Tuesday 26 September 2017

Gaelectric sees turnaround in pre-tax profits in 2014

Barry Gavin, chief financial officer of Gaelectric Group
Barry Gavin, chief financial officer of Gaelectric Group
Gavin McLoughlin

Gavin McLoughlin

Renewable energy company Gaelectric made a pre-tax profit of €5.5m in its last fiscal year after losing €7.2m before tax the previous year, newly filed accounts show.

The turnaround reflects Gaelectric's transition from a development company to one that has holdings in revenue-generating assets, chief financial officer Barry Gavin told the Irish Independent.

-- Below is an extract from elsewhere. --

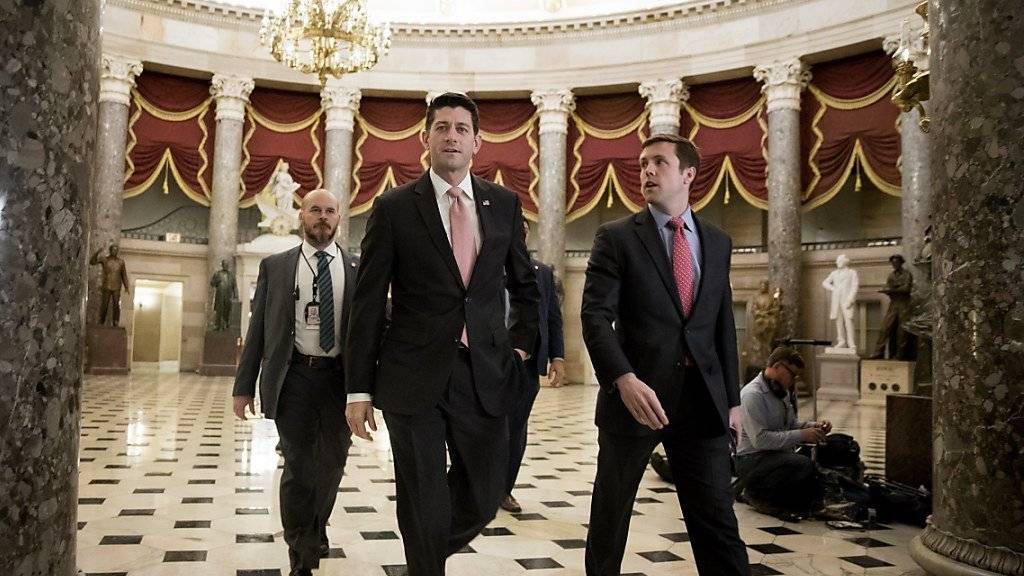 Der Mehrheitsführer im US-Repräsentantenhaus, der Republikaner Paul Ryan (vorne) vor der Abstimmung über eine Reihe von Haushaltsgesetzen.
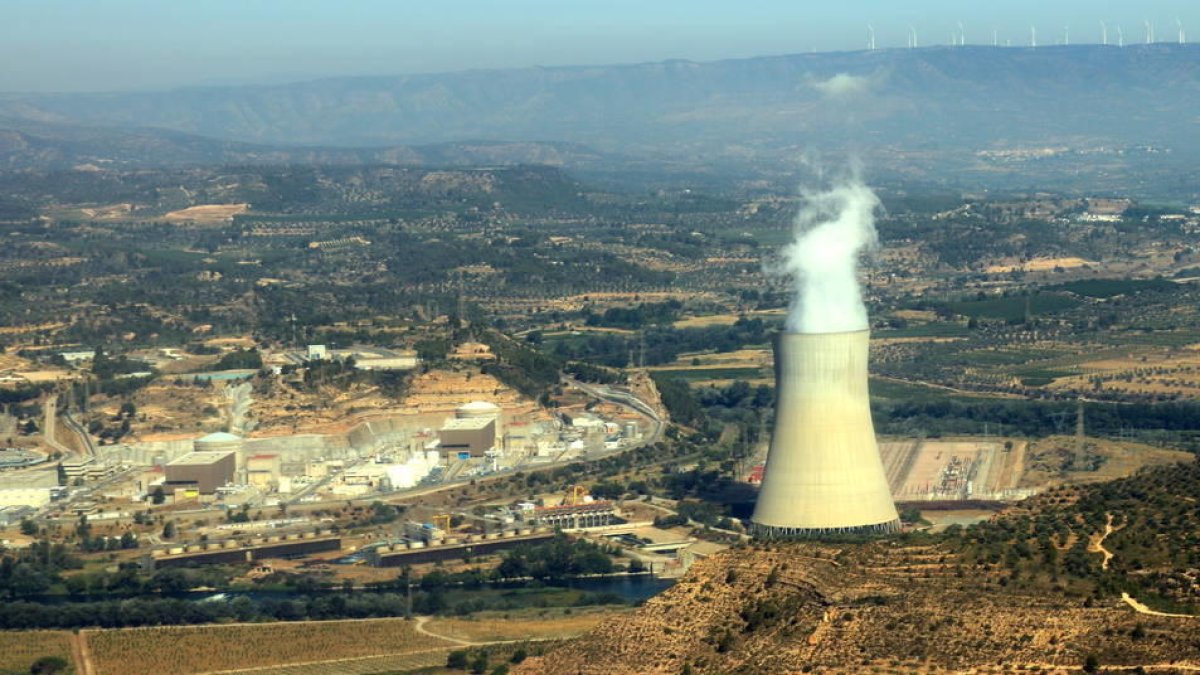 Imatge d'arxiu de la central nuclear d'Ascó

"For much of the last 10 years, we have been developing a portfolio of renewable energy projects, including a near term portfolio of approximately 350 MW of wind energy projects in Ireland with grid connections and full planning approvals in place. We expect to have this portfolio generating power by 2017," Mr Gavin said.

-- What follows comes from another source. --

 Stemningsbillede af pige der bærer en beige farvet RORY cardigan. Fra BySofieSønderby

"Our latest group financials reflect this transition and include a revenue line for the sale and supply of electricity. We expect these operating revenues to grow significantly in the near term," he added.

It's estimated that 1MW of wind capacity can provide enough electricity to supply approximately 650 homes, according to the Irish Wind Energy Association.

Gaelectric, which was set up in 2004, also has interests in biomass. Turnover at the company increased from €90,866 in the 2013 financial year to almost €6m last year.

In November - which will be included in Gaelectric's next set of accounts - the firm opened a €74m windfarm in the North.